CHICAGO: US corn futures inched higher on Thursday, stabilizing from three-month lows set a day earlier, supported by worries that cool weather could slow the
maturity of the delayed US crop, analysts said.
Wheat rose on technical buying and better-than-expected weekly US export sales. But soybean futures declined, retreating from early strength on what appeared to be technical selling, analysts said.
At 12:30 p.m. CDT (1730 GMT), Chicago Board of Trade December corn was up 3/4 cent at $3.71 per bushel.
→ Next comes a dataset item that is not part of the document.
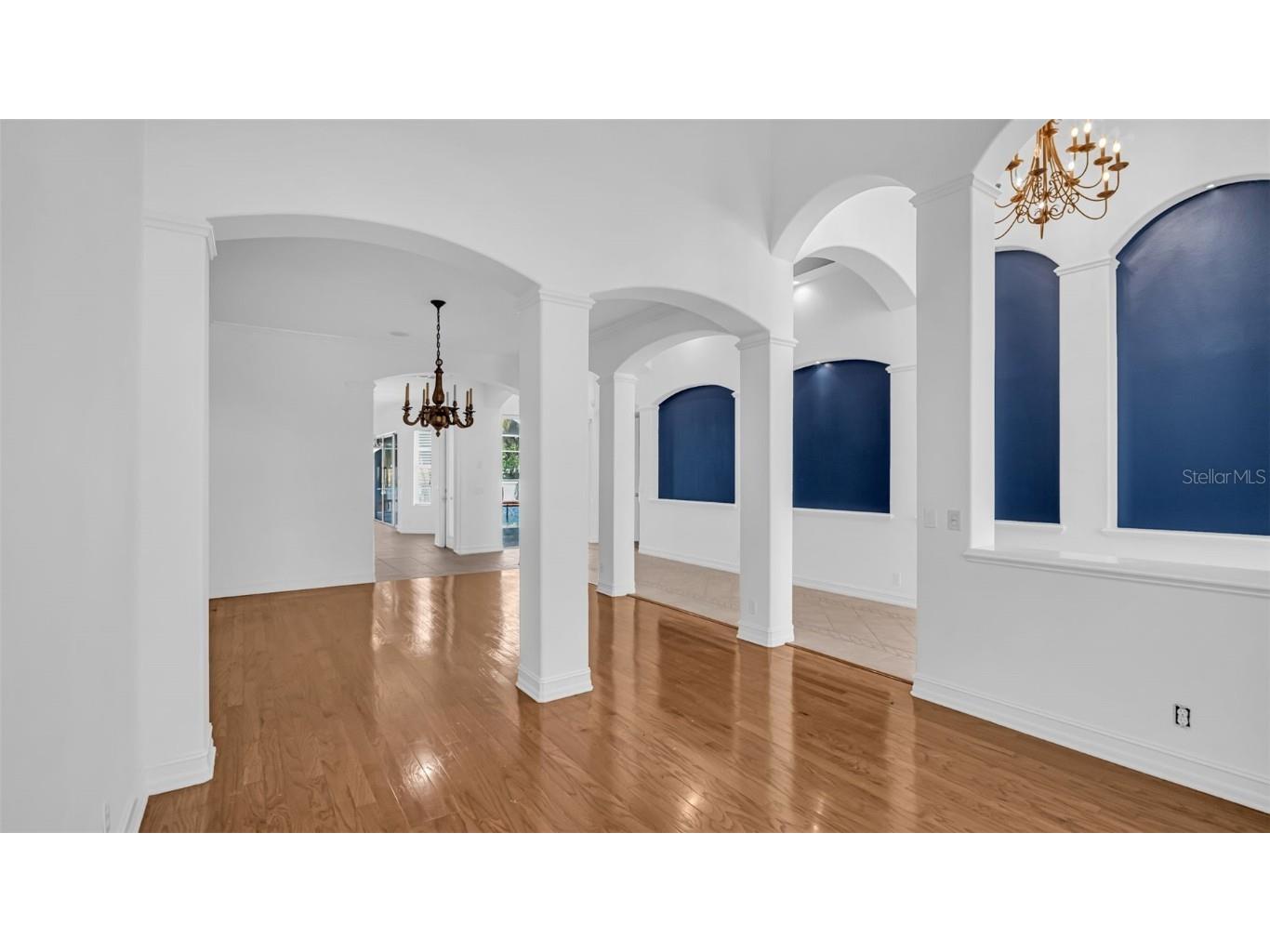 1089 Cordova Boulevard NE Saint Petersburg FL 33704 TB8448784 image5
December wheat was up 5-1/4 cents at $4.73-1/4 a bushel while November soybeans were down 5 cents at $8.68 a bushel.
Corn futures had bullish technical momentum after the December contract rallied from a three-month low to settle higher on Wednesday.
Also, temperatures in the Midwest are forecast as cooler than normal into September, a potential drag on production at a time when late-planted corn and soybean crops need warmth and sunshine.
"We need every GDD (growing degree day) we can get to bring these crops home, yet it's supposed to be kind of cool for the next week or two," said Jack Scoville, an analyst with the Price Futures Group in Chicago.
CBOT corn drew support from news that President Donald Trump planned to meet with Cabinet members on Thursday to discuss ways to boost demand for biofuels including corn-based ethanol. .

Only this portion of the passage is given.